This is an excerpt from an article in Energi Media featuring Eavor’s Paul Cairns interviewed about innovators leading the Alberta oil patch’s energy transition.
A clean energy company using oil and gas tech that’s already turning heads is Eavor Technology. Paul Cairns, Eavor’s director of business development, is a smooth-talking storyteller with a compelling argument about why his company is the answer to the energy transition.
Much of the startup’s technology comes from the oil sands, especially SAG-D (steam assisted gravity drainage) well drilling that was developed in Alberta. One of them is “magnetic ranging,” which allows two well bores to be connected deep underground, a key part of the geothermal closed loop system to mining the earth’s heat.
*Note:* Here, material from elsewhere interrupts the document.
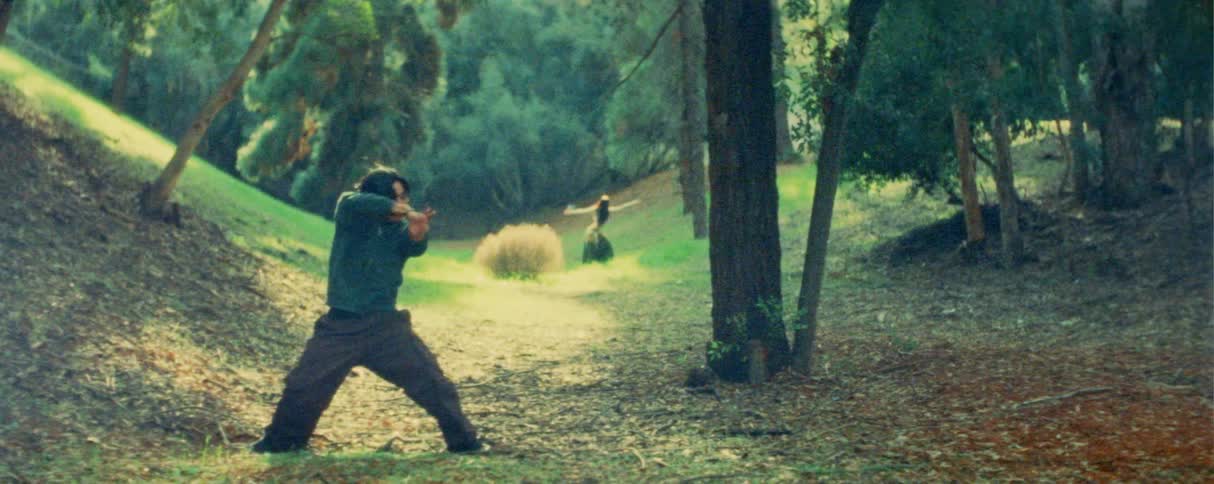 Teenager boy making dance moves next to a female person some feet away behind him in an area surrounded by trees outdoors during day time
“It’s one of the many borrowed technologies that we’ve re-imagined or used in a different way from Alberta’s oil sands,” says Cairns. The video below explains how the Eavor-Loop works.
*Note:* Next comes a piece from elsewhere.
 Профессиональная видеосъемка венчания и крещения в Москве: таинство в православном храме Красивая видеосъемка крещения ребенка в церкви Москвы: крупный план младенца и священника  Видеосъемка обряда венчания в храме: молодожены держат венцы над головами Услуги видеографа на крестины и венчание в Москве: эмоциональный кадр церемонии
Traditional geothermal energy taps pockets of hot water deep underground. Where conditions are right, such as in Iceland, this type of geothermal provides reliable heat and electricity. But the technology hasn’t fared well in Western Canada. Alberta’s open wholesale power market makes it difficult for geothermal to compete, according to Dr. Catherine Hickson of Alberta No. 1.
Cairns says Eavor-Loop solves the problem by conducting heat from rock formations deep under the earth’s surface and warming the water inside pipes. The fluid then expands and rises to the surface, where it can be distributed for industrial and districting heating use or run through an ORC (organic Rankine cycle) generator to create electricity. Eavor drilled a successful test project near Rocky Mountain House in Alberta, but the big news is the first commercial project in Germany.
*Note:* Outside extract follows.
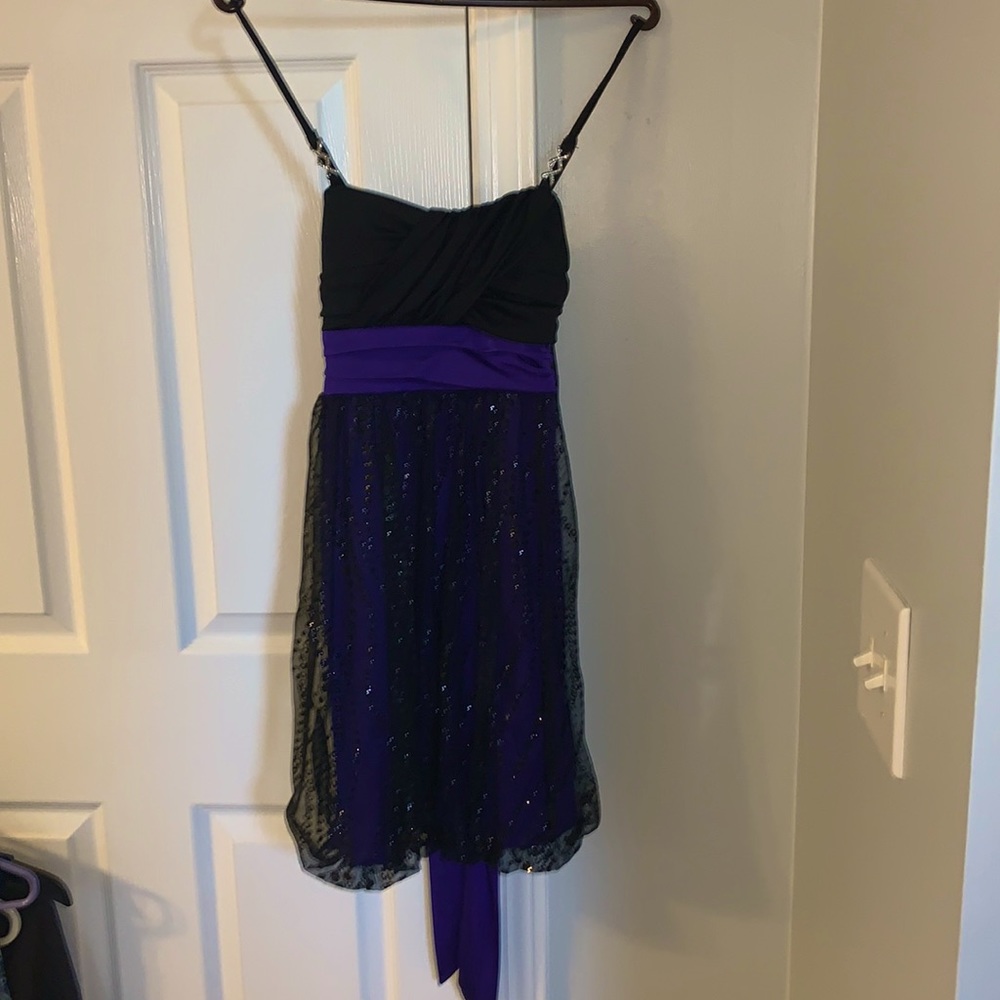 Gorgeous evening dress size small, 100% polyester purple and black .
“In Germany, the price of electricity, if it comes from a geothermal source, is supported by a 251 euros per megawatt hour feed-in tariff by the German government,” says Cairns. “Compare that to Alberta where the price will bump around between 35 and 90 Canadian dollars.”
Thanks to Russia’s invasion of Ukraine in early 2022 and the resulting energy crisis when Europe lost 40 per cent of its natural gas, Germany is desperate to build electricity generation. So is the EU, which recently awarded Eavor a 91.6 million euros grant from the European Innovation Fund. Last week the company signed a “cooperation agreement” with Sonoma Clean Power to develop up to 200 megawatt equivalent of power and heat in the California counties of Sonoma and Mendocino.
The company is on a roll, in part because Eavor-Loops can be installed anywhere at any scale. With ORC generators installed, they can provide the clean, dispatchable electricity prized in today’s rapidly changing power grids. Throw in heat for industrial processes or building space heating and the technology’s value proposition is impressive.